Wednesday, June 17, 2015


I took a photograph of the sign that read THE MONEY MUSEUM but the guard stopped me. “You may not take a picture of THE MONEY MUSEUM” he said. “You may only take pictures of the money.”

Tuesday, June 16, 2015


I listened to a great deal of music in the last three days, in a number of different venues. One thing I noticed every time: when a musician played rapid, repeated triplets, the audience burst into big applause and hollering. That was the only thing I noticed that was consistently true everywhere I went.

Now all the places I went to were Blues clubs, but you can hear rapid triplets everywhere. You can even hear them in “Free Bird” and such.

Rapid triplets aren’t that hard to play. They might be a little hard on the fingers if you do them for a long time, but that would have to be a really long time. In fact, many musicians play them when they are trying to think of something else to play. It’s sort of like “you know” or “uhh” or “that’s an interesting question” in conversation. 

I think people applaud repeated triplets because they hear them once and they like them but then they have the opportunity to hear them many times.
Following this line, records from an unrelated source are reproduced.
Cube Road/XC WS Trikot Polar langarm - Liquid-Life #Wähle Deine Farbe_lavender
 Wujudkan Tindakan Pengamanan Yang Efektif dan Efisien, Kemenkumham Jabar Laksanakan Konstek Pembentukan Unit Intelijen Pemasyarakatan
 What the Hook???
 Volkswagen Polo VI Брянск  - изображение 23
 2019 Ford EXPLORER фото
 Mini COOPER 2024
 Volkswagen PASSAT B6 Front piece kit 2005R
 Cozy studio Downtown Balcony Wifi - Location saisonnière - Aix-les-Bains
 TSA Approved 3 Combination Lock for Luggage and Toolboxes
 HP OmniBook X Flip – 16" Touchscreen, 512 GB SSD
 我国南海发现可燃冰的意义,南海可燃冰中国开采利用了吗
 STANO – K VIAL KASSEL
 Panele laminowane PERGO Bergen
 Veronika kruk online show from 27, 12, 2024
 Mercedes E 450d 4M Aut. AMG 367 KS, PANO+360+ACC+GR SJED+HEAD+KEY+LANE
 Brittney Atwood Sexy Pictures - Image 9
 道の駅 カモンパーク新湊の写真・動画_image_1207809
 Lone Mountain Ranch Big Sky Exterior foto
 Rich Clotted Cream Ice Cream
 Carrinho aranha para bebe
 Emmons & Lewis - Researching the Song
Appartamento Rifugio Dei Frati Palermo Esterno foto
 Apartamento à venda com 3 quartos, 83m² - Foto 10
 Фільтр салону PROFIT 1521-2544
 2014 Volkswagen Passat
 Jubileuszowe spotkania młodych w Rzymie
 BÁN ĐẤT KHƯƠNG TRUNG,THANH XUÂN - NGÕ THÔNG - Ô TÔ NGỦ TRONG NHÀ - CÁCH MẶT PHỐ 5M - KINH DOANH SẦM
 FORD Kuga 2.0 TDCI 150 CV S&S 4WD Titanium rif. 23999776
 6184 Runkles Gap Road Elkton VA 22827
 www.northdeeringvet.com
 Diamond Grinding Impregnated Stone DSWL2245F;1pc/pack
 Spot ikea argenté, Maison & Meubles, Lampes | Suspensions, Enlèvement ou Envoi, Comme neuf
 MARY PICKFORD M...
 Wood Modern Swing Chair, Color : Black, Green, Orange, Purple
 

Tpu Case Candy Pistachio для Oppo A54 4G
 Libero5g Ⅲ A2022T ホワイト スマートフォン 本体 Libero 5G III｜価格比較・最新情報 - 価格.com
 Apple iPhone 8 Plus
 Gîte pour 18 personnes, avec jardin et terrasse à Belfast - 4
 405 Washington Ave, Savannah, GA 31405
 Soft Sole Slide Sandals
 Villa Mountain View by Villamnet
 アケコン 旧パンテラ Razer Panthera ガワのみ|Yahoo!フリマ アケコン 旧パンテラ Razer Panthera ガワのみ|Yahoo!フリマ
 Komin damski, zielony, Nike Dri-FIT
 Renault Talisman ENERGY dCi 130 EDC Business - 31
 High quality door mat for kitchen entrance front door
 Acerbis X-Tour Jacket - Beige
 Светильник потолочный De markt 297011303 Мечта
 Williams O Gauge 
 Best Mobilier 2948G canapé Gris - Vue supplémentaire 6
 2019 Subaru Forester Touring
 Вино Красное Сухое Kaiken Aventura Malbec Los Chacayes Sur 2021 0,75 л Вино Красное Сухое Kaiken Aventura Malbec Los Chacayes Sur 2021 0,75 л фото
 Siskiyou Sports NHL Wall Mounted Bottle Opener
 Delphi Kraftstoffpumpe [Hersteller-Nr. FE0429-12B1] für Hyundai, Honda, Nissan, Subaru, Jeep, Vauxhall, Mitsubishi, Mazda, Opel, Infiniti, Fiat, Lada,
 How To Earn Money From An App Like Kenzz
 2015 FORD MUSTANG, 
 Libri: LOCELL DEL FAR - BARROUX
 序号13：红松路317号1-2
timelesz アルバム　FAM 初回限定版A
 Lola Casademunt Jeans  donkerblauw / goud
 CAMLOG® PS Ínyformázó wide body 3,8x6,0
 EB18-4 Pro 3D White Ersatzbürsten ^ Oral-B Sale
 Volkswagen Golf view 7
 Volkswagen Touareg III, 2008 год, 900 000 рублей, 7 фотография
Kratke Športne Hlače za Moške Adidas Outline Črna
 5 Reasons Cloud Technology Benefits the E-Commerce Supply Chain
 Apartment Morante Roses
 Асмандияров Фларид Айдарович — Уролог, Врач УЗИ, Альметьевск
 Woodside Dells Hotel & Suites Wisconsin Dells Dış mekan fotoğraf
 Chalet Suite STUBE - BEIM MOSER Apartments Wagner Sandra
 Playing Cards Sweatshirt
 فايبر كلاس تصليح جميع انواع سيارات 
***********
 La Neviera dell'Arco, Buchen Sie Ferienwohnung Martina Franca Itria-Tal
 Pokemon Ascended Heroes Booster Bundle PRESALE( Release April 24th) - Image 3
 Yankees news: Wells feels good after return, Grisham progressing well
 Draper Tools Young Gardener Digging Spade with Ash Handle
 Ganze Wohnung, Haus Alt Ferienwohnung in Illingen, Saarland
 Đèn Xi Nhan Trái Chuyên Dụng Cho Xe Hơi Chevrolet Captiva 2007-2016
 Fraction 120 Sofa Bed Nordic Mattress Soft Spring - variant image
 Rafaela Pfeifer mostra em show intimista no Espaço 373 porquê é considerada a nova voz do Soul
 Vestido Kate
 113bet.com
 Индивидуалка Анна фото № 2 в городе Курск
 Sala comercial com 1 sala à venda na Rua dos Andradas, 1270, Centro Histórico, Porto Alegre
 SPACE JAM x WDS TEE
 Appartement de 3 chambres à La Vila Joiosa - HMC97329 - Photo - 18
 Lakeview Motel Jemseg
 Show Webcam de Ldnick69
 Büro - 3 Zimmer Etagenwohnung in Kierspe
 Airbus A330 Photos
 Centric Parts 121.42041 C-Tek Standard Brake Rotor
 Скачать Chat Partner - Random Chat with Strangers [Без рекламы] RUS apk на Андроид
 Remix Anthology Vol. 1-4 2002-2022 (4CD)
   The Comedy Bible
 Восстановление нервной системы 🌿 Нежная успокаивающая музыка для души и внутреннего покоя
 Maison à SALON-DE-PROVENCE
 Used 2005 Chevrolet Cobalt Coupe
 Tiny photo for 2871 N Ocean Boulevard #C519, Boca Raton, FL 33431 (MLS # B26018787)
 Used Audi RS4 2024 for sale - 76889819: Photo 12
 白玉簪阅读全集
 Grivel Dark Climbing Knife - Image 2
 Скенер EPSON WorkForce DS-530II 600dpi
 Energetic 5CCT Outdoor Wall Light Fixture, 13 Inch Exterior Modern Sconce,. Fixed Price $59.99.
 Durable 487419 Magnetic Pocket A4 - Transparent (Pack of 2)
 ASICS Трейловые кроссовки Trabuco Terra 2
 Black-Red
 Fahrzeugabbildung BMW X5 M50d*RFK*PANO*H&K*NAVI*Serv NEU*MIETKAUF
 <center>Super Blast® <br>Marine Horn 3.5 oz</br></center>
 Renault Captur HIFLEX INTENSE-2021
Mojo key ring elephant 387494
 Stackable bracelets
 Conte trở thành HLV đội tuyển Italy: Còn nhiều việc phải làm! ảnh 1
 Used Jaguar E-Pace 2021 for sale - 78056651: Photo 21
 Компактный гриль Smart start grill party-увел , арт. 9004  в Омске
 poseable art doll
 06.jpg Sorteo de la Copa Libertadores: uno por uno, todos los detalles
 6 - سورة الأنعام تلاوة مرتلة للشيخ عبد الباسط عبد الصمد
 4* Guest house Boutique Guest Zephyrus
Maybe they become comfortably with them as they become more familiar. Maybe if they hear them enough, they want them to fly away, like a mother bird might to her young. Perhaps the audience is saying “You can do it” knowing that they will go away, and they will miss them, but that they will be fine once they do. And they even know that someday they will come back. They will look different, but they know that they will come back.

Perhaps they return when they miss the big applause and all the hollering.

Sunday, June 07, 2015

I remember the last day of my childhood. I spent the early morning watching the sunrise at the beach. It was a long drive and the girl who drove me didn’t have a license. Now the beach is gone and the car is gone but she is still alive. The part I remember best was last night before morning. The kiss.

Monday, June 01, 2015

Recently I was talking with a friend about living in the Lower East Side of New York City in 1979 with all the demolished buildings and poverty and homeless people and whatnot. And then she mentioned drug dealers.  I thought about what courage it must take to be a drug dealer. After all, you spend the day talking to drug addicts and crazy people and people who don’t have enough money for drugs but who want them and people with guns and knives who also want drugs. Anything could happen. You could write a really interesting book about being a courageous drug dealer in the Lower East Side of NYC in 1979 and all the things that could happen or did, although I think that it might be easier to write haikus or sing songs especially in the winter. I wonder if any of the drug dealers lives were boring. I can’t imagine they were very boring. Maybe a little boring. But just when they started to get boring, something interesting would probably happen every time. And then there was also the Dobermans, she said. 

And I thought about how courageous you would have to be if you were a Doberman in the Lower East Side of NYC in 1979, because everybody would hate you right away which is probably why they barked so much. They probably just wanted love but all that got was hate and so they barked, I said. Some people loved the Dobermans in the Lower East Side of NYC in 1979 she said. Oh, I doubt it, I said. I feel I can safely say that no one loved Dobermans in NYC on the Lower East Side in 1979. And then we got in a big fight about that. I think we really didn’t disagree - I think we were just a little blue, thinking about the world and how much things have changed in New York City since 1979, particularly in the Lower East Side, which I imagine so different - I haven’t been there since.